/---

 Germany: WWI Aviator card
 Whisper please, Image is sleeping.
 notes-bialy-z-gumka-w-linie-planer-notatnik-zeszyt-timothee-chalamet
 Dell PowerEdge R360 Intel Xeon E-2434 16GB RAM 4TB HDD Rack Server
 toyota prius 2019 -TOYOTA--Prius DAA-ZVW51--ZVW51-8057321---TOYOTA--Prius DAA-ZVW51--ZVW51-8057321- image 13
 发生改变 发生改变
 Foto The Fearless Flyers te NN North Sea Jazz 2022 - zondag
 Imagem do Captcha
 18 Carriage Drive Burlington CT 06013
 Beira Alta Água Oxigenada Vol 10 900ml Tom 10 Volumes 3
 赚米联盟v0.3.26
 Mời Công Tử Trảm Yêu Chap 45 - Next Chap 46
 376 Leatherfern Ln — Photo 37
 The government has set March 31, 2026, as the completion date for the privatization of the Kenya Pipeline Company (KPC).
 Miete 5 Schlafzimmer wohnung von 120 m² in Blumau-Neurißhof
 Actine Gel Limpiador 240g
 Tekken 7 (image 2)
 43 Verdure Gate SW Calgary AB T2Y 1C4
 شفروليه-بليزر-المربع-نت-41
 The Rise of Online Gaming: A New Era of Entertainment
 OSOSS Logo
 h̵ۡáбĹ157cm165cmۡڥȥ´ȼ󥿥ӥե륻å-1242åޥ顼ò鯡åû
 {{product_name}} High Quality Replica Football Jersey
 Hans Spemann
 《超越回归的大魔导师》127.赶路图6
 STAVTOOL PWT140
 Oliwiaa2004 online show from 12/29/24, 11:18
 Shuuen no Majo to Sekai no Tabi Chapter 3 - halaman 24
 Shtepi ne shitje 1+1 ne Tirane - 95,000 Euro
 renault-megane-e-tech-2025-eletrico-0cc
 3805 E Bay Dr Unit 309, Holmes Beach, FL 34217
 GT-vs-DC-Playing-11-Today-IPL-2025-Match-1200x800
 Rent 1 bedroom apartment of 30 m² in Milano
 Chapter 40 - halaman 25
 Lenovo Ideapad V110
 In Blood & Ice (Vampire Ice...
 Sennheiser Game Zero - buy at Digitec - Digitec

\---

§ **PROMPT**: A line belongs in the answer if it contains the word "halaman"; copy every such line from the data above.

§ **SOLUTION TO THIS EXERCISE**:
 Shuuen no Majo to Sekai no Tabi Chapter 3 - halaman 24
 Chapter 40 - halaman 25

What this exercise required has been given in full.